# Conservation in the farm bill



## Plainsman (Jul 30, 2003)

I thought about putting this in the open form, but I suppose once you mention farm bill that will turn it into hot topics. 
I grew up on the farm during the time of SOIL BANK. We had cattle, and my father worked at a concrete plants while much of our farm was in soil bank. I have had a gun in my hand ever since my very early life, and grew up appreciating wildlife, habitat, and farming. I seen conservation farming as a combination that not only preserved wildlife and provided habitat, but preserved the soil for future generations. At the same time I seen support prices encouraging farming of land that was best left to grazing of livestock.

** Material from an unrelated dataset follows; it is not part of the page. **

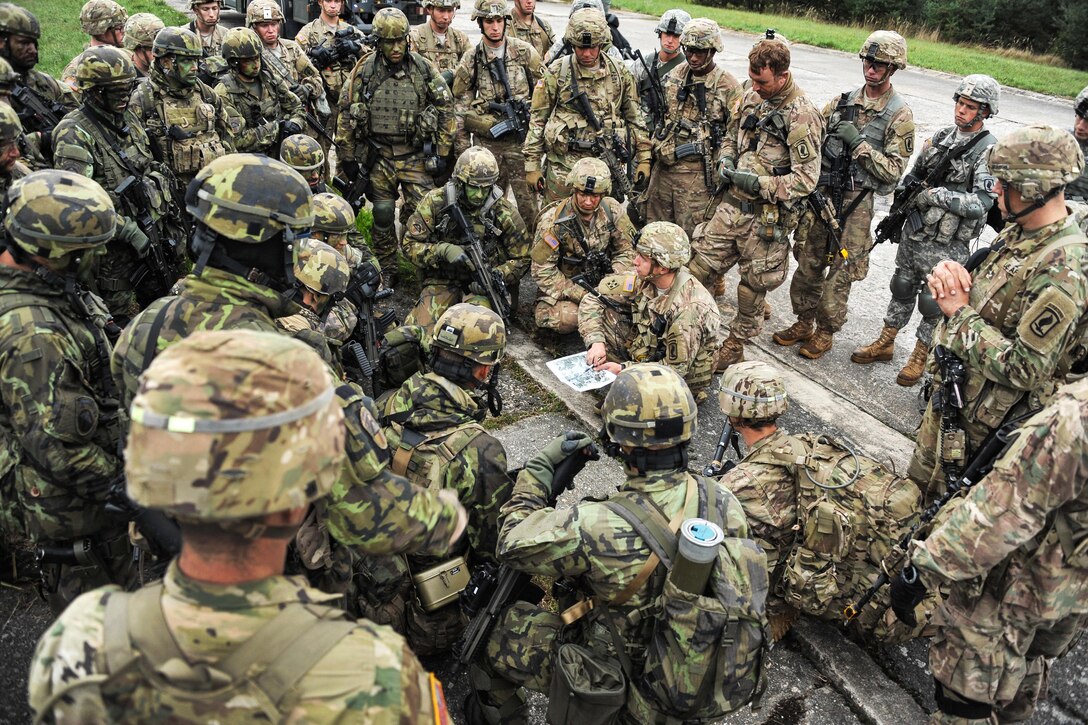 U.S. and Czech paratroopers attend a briefing before an air assault operation as part of Exercise Sky Soldier II at the Bechyne Training Area in the Czech Republic, Sept. 24, 2015. The U.S. paratroopers are assigned to the 91st Cavalry Regiment, 173rd Airborne Brigade. U.S. Army photo by Markus Rauchenberger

I'm happy to see some good news come out of Washington with a farm bill that looks to the future rather than a bill that wants everything today and to heck with tomorrow.

http://www.outdoorlife.com/blogs/open-c ... ite-some-c

I know people get ticked when buffalo come out of the park. I had forgotten that it was ranching that infected the herds to begin with.



> the most pressing is not the 100-year-old infection of elk and bison with brucellosis transferred from long-ago cattle.


----------



## shaug (Mar 28, 2011)

Europeans brought cattle and brucelosis to America. Also brought smallpox. Through vaccination smallpox has been eradicated. How do you feel about vaccinating elk and buffalo?


----------



## Plainsman (Jul 30, 2003)

shaug said:


> Europeans brought cattle and brucelosis to America. Also brought smallpox. Through vaccination smallpox has been eradicated. How do you feel about vaccinating elk and buffalo?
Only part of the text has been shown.